BRUSSELS (Reuters) - Euro zone states should consider clubbing together to borrow as well as paying into a central budget that could be used to help struggling peers, according to a report prepared for a meeting of EU leaders.
The interim report charts a path towards closer fiscal integration among the 17 countries using the euro as they struggle to contain an economic crisis. It was prepared by Herman Van Rompuy, who as president of the European Council will chair a European Union summit next week.
In the interim paper, obtained by Reuters on Friday, officials write of the need to explore a central budget for countries in the euro zone.
Van Rompuy’s thinking - firmly backed by Germany - is that some form of “fiscal capacity” among the euro-area countries would allow them to iron out labor market and other socio-economic imbalances that build up in the bloc.
The fund could be used to help a country such as Spain, which has unemployment of 25 percent and is struggling to reinvigorate growth. In exchange for budget rigor, the pan-euro zone fund could provide targeted assistance.
“One of the functions of such a new fiscal capacity would be to facilitate adjustments to country-specific shocks by providing for some degree of absorption at the central level,” officials wrote.
The 27 countries in the European Union currently finance a budget which amounts to around 130 billion euros a year - 1 percent of EU output - and which is used for spending on agriculture, science, infrastructure and other areas.

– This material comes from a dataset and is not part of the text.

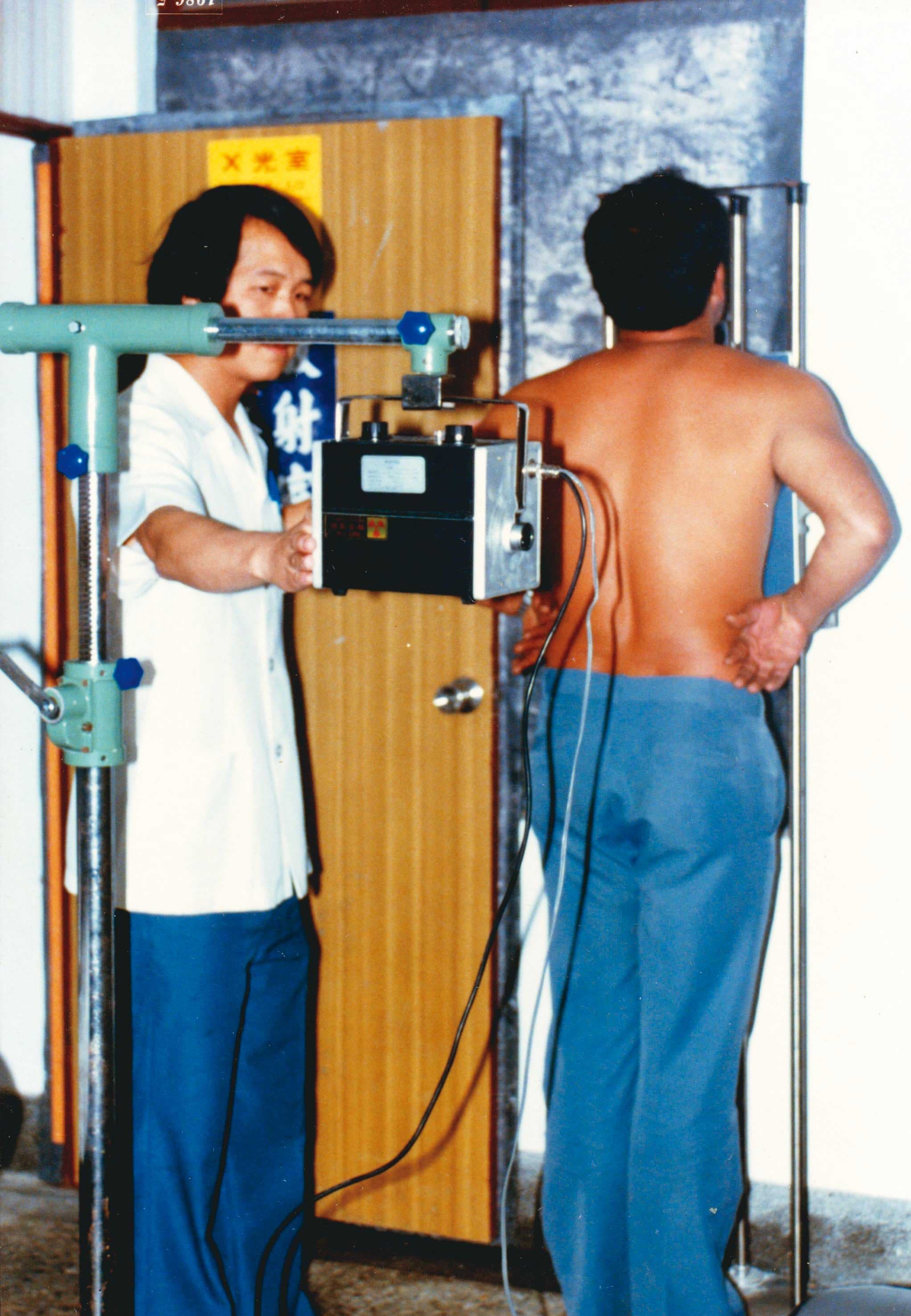 賴力行（左）曾帶著X光機到部落巡迴健檢和醫療達16年，可能因為防護措施不足，晚年檢查出肺腺癌。（賴力行提供）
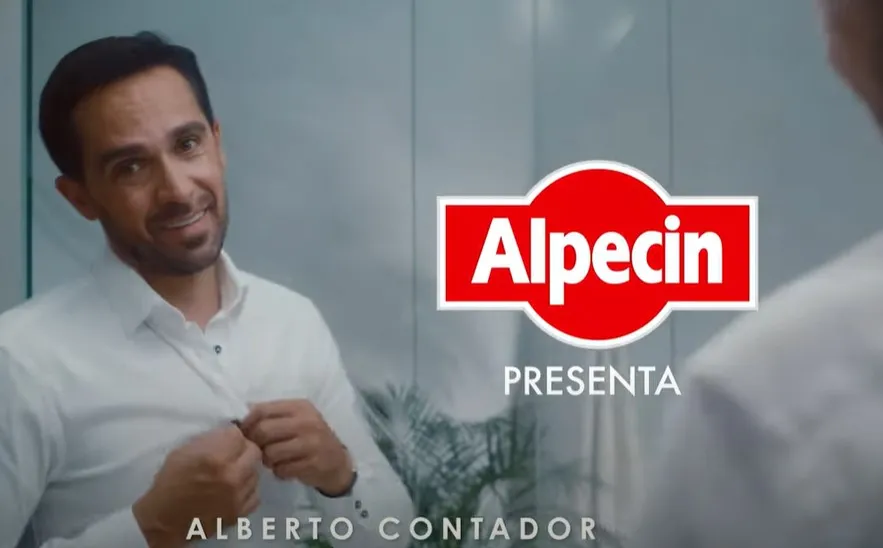 🎥 Contador voegt zich naast Van der Poel bij peloton Alpecin-ambassadeurs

But there is no equivalent budget among the 17 countries that share the euro, a shortcoming that many economists believe has undermined the stability of the currency project.

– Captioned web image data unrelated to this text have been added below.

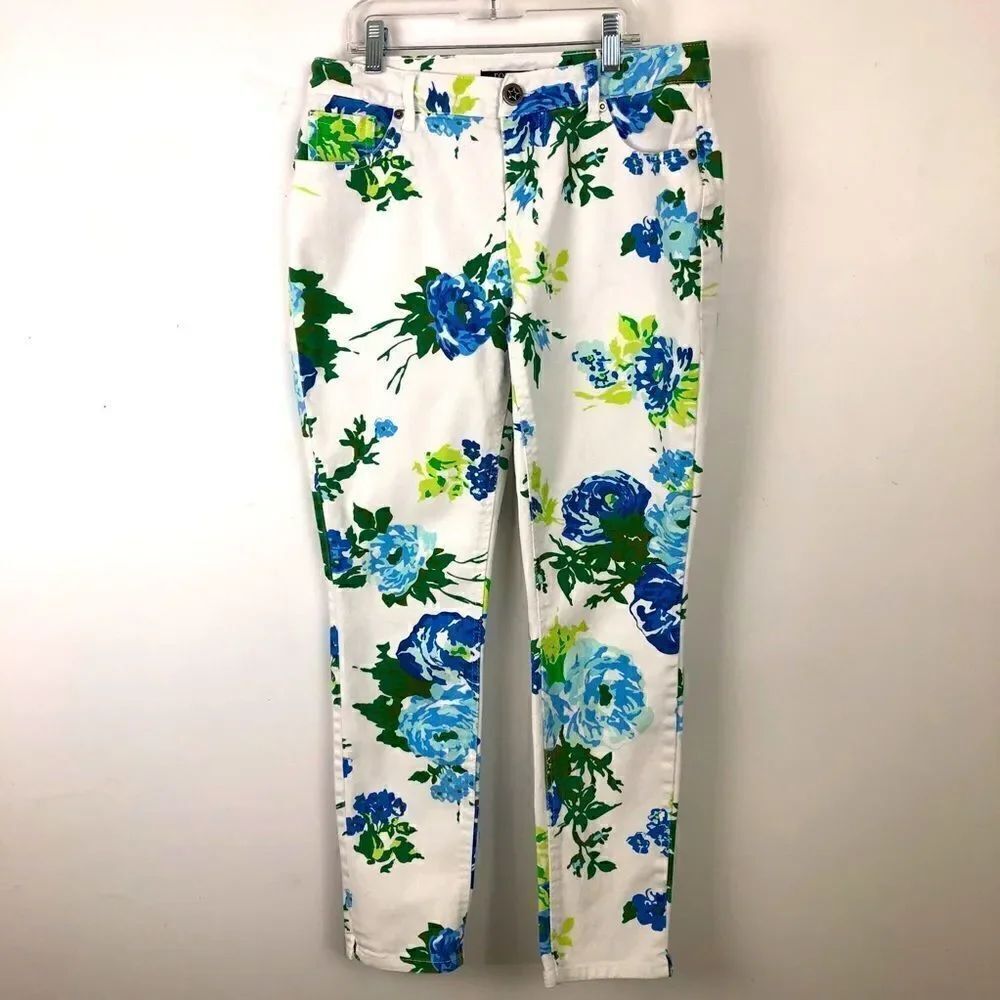 Rob & Ali Size 4 Blue and White Floral Jeans!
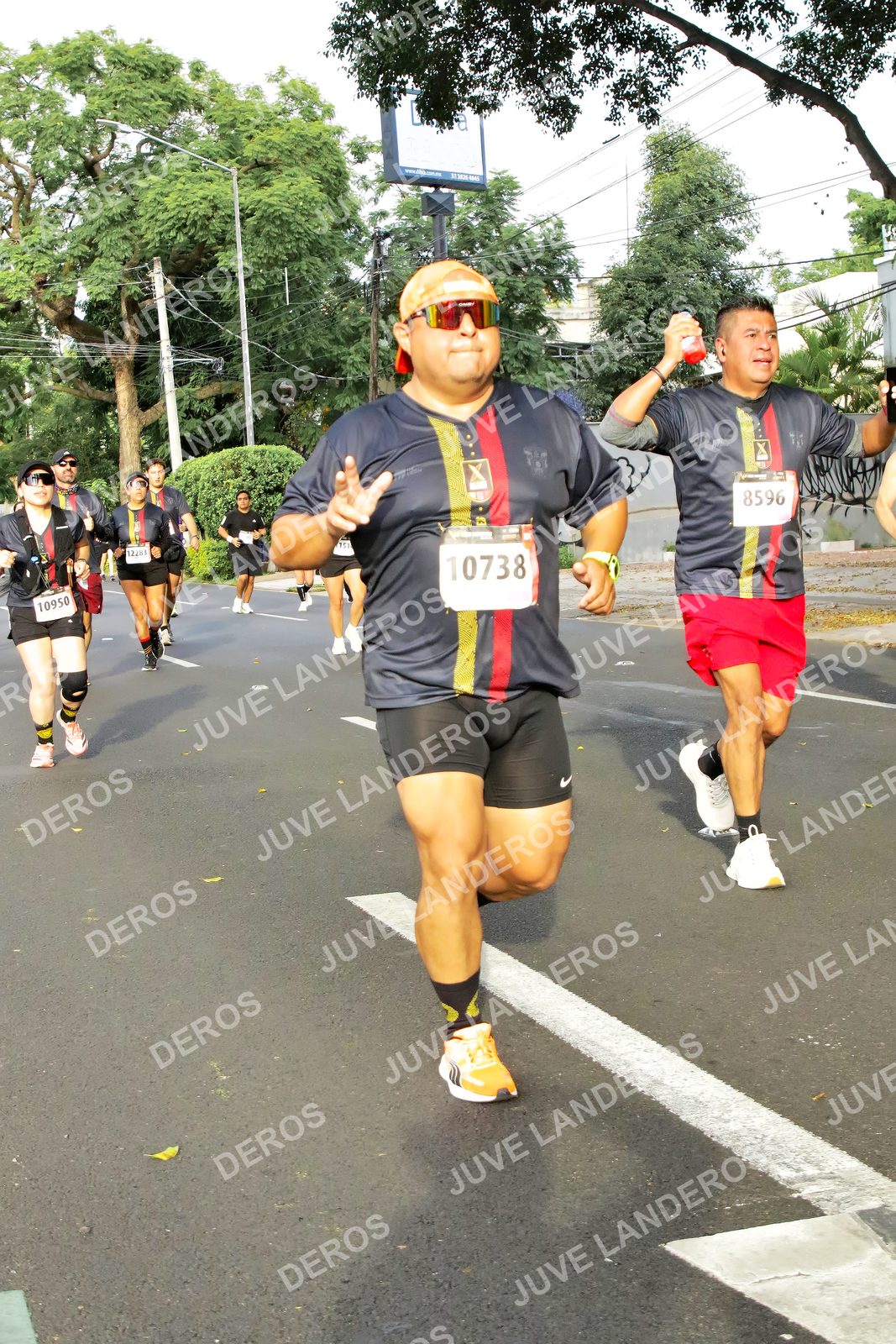 Foto de la X Carrera Leones Negros Red Cola 2026 en Rectoría General de la UdeG, Av. Juárez 976 (meta en Av. Enrique Díaz de León y Pedro Moreno), Guadalajara a las 08:05 · dorsal 10738, 8596, 10950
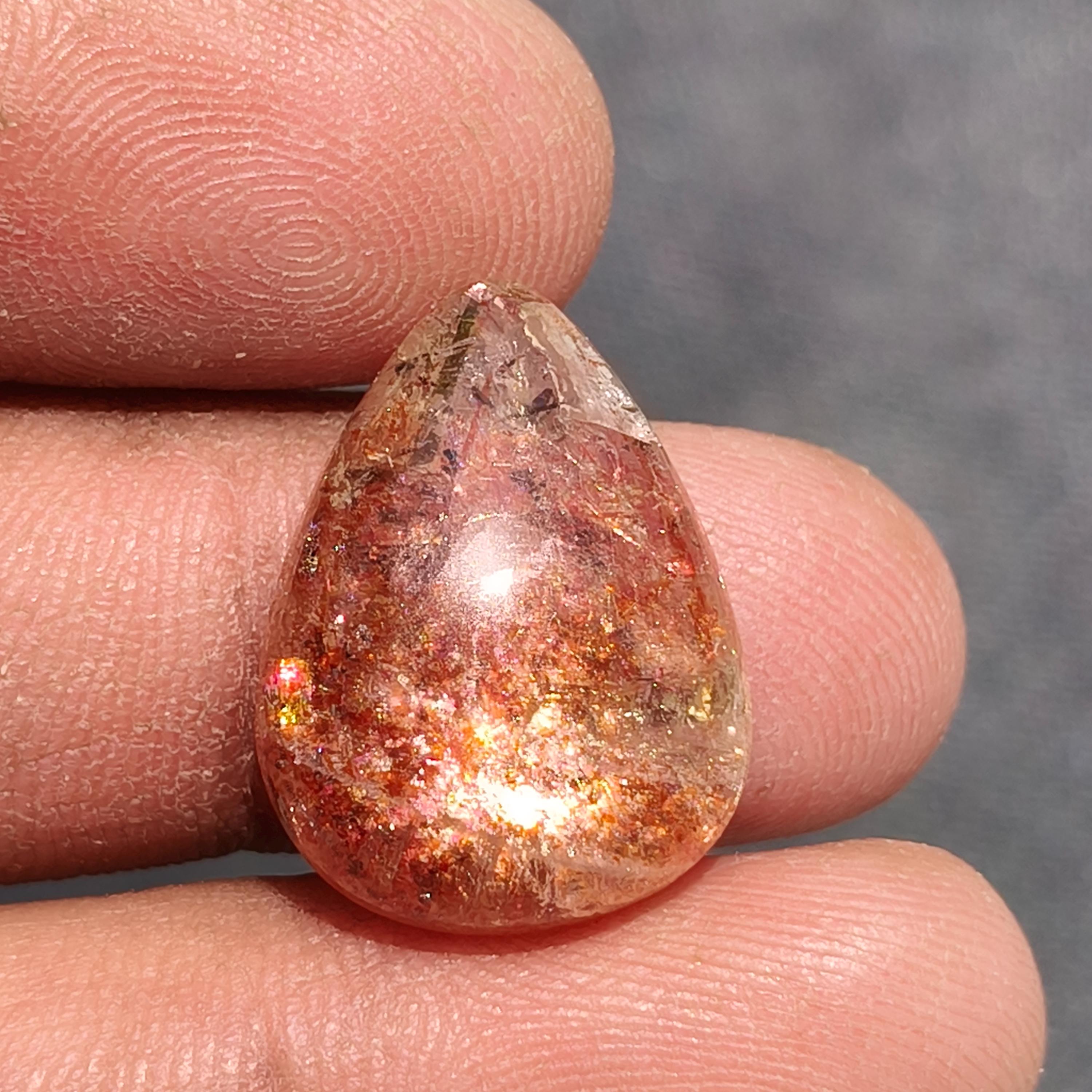 Handmade Red Sunstone Cabochon, Loose Gemstone (16cts. 20x15 Mm)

Germany and France strongly support the proposal and, in a surprise to many EU diplomats, Britain does too, but for different reasons. London sees a euro zone budget as a way of further separating Britain and its increasingly EU-skeptical electorate from the currency bloc and its problems.
Van Rompuy, visiting Helsinki on Friday, said the idea of the single euro zone budget would not “imply or necessitate permanent transfers” from one state to another. But he also stressed that he was not making any concrete proposals for now.
“I simply propose that we examine further some of these ideas ... Also on the so called euro zone budget ... There is no clear-cut concept to this at this stage.”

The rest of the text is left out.